Over the years his unique vision has taught us to recognise and love his art.

Contemporary dance is the focus of a large faculty of photographers working in Germany. A selection of their work, titled Frozen in Time and presented by the Goethe Institute, will be a highlight.

Family snapshots and old letters were Maureen de Jager's point of departure. Her exhibition, In Sepia, uses images and texts engraved in rusting steel to reflect on the mutability of memory.

There are also white sculptures, gradually stained by rust, growing on the steel embedded in them.

Texts merged with visual messages are the unifying discourse for Lefoko, Igama, Dibu, Word - a collection by four artists practising in Botswana.

Each has drawn from her or his own linguistic memory bank - Setswana, isiXhosa and North American poetry are among the words that are entwined with the work.

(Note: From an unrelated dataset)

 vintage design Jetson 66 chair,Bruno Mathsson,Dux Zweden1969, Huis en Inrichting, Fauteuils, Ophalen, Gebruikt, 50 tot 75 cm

Time is the starting point for the curators of two other exhibitions on the programme: Decade andAndrew Verster's Past-Present.

Decade features highlights of 10 years of acquisition for the Sanlam Art Collection. Since 1997 about 544 works have been added to this representative archive of South African art.

To mark Sanlam's 90th anniversary 83 works, ranging in time from 1896, have been selected for the festival show.

The Andrew Verster exhibition, which is curated by Carol Brown and Verster, charts the creativity and playfulness of a master. The works include paintings, drawings, costumes and Verster's latest wax works on tissue.

Curation plays a key role in Art from the Ground Up, a body of work by Eastern Cape artists, originally selected for a show in Saxony in Germany.